Album review: Christy Moore

Christy Moore - Lily (Sony Music)

THERE IS a Galway connection to Christy's new album, coming straight at the beginning with 'Mandolin Mountain', written by the late, great songwriter and musician Tony Small.

A trek through the highlands becomes a metaphor for the creative process and the joy and consolation of music, it is delivered with great sensitivity and judgment. The jaunty 'The Tuam Beat' follows, celebrating the north Galway town's musical tradition. Insanely catchy, it is the closest Christy has come to doing a pop song.

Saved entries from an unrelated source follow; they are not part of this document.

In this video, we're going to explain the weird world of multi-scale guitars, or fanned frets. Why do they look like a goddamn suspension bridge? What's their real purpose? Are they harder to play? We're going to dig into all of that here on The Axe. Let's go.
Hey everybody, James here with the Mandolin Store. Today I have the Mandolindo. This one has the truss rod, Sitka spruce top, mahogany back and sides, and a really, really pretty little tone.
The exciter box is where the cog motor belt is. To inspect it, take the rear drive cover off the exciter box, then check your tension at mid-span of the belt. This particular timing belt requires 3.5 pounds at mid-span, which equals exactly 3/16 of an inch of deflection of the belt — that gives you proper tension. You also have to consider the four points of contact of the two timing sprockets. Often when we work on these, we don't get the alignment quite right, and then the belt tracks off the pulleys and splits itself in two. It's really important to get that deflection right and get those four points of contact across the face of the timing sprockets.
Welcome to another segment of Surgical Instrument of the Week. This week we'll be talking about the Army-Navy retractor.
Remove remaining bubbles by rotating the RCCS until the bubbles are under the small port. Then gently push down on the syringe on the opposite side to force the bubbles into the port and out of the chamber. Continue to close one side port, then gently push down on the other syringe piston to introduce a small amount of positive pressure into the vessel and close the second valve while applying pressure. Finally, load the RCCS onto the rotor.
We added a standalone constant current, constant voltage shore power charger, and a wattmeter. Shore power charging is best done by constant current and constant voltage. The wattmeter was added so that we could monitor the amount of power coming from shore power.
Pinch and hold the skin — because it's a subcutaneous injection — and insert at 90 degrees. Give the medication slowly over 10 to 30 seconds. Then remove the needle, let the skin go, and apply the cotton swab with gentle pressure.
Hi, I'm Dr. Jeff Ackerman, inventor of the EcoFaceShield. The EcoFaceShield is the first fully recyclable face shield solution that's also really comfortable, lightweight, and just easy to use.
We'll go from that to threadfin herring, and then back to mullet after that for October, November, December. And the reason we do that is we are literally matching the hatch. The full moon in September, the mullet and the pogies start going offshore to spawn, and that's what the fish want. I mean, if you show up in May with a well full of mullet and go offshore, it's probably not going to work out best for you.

Lily is a collection mellow and gentle in tone, but uncompromising in content. There is deep anger evident, despite the restraint, in 'Oblivious': "The men and women of 1916/Risked their lives for a national dream...all that they dreamt and died for/has been squandered by scoundrels and fools." It is a tension which allows the song rise above sloganeering, to become a meaningful statement.

The finest moment may be Christy's take on Peter Gabriel's 'Wallflower'. Although written about the sufferings of Chilean political prisoners in Pinochet's gaols, it is hard not to think of it equally applying to Bobby Sands and the H-Block blanket men, whose situation Christy championed - it is the 35th anniversary of the 1981 Hunger Strikes this year. Indeed, when Christy, and others join together to intone, "Though you may disappear/you're not forgotten here..." it is a hairs on the back of the neck moment.

Christy Moore plays The Connemara Coast Hotel on Thursday June 23.